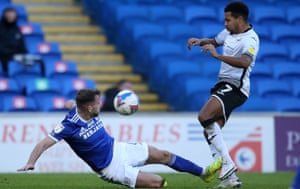 Cardiff’s Joe Ralls fouls Korey Smith of Swansea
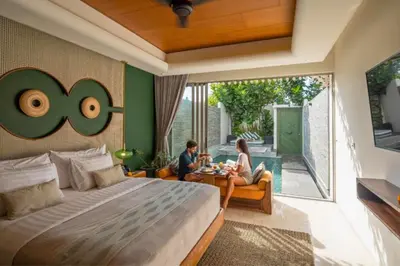 a man and woman sitting on a couch in a bedroom at Romantic 1BR Private Pool Villa in Kerobokan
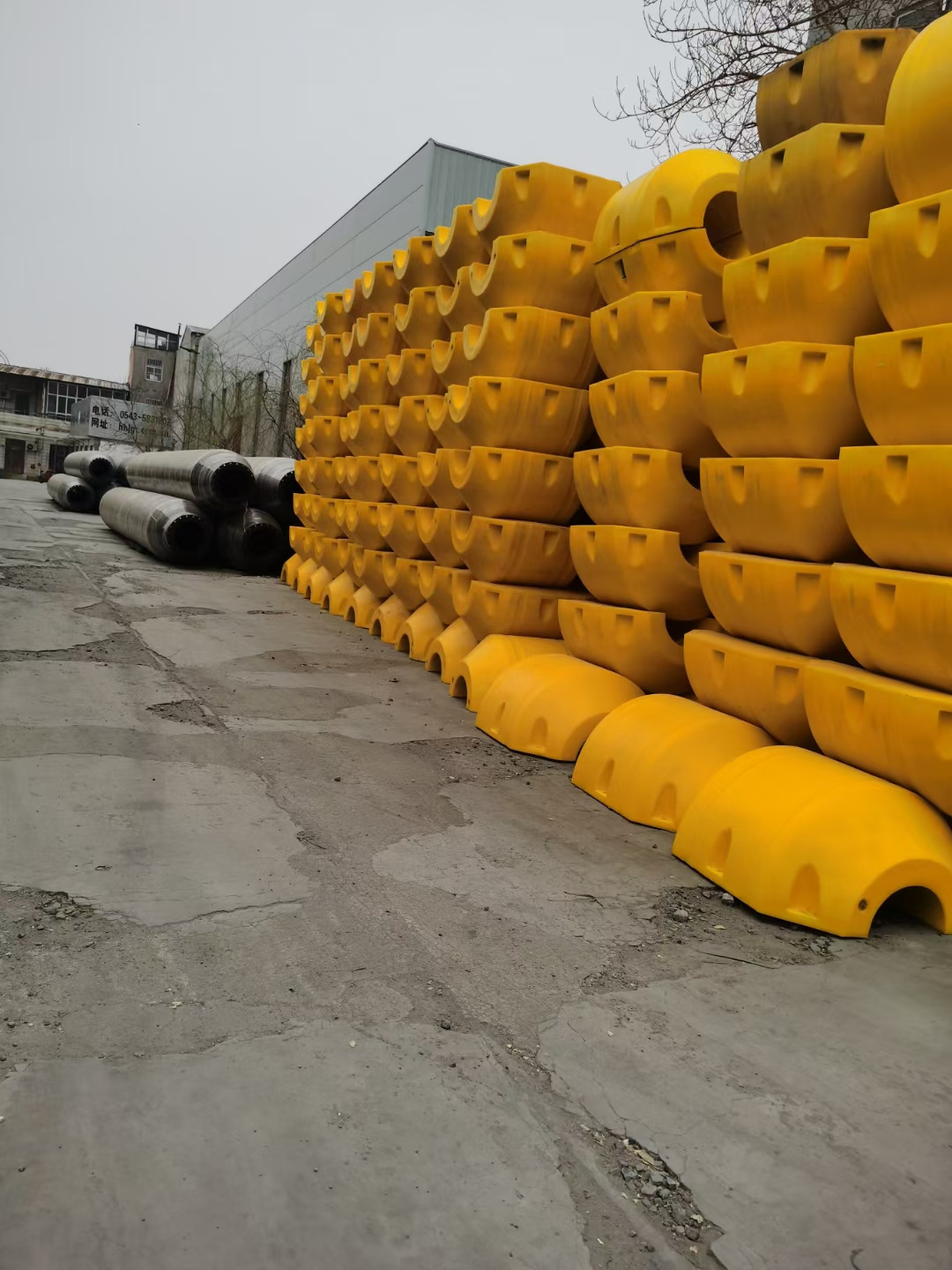 PE (or HDPE) FILLED pipe floats, suitable for dredging pipe withconcave ends and  bold system tongue and groove / locating slots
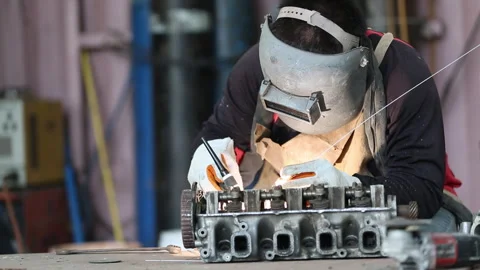 Male worker welding argon. Welding with argon or electrode, using a welding.. Stock Footage 336942497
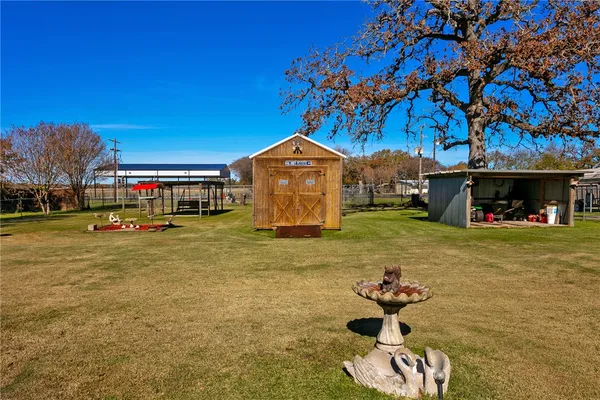 a sign board with yard in front of it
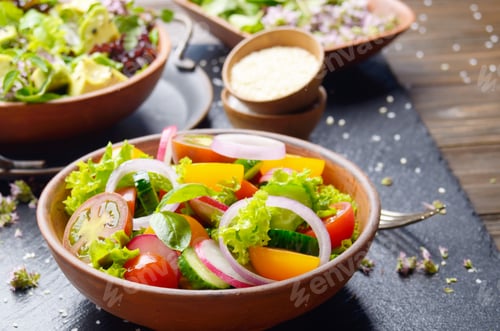 Preview: Vegetable salad of lettuce, cherry tomatoes, radish, cucumber, o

TRY IT: Return the opening line of the data above and every line after it up to and including the line that holds "a man and woman"; pictures stay out.

WRITTEN ANSWER:
 Cardiff’s Joe Ralls fouls Korey Smith of Swansea
 a man and woman sitting on a couch in a bedroom at Romantic 1BR Private Pool Villa in Kerobokan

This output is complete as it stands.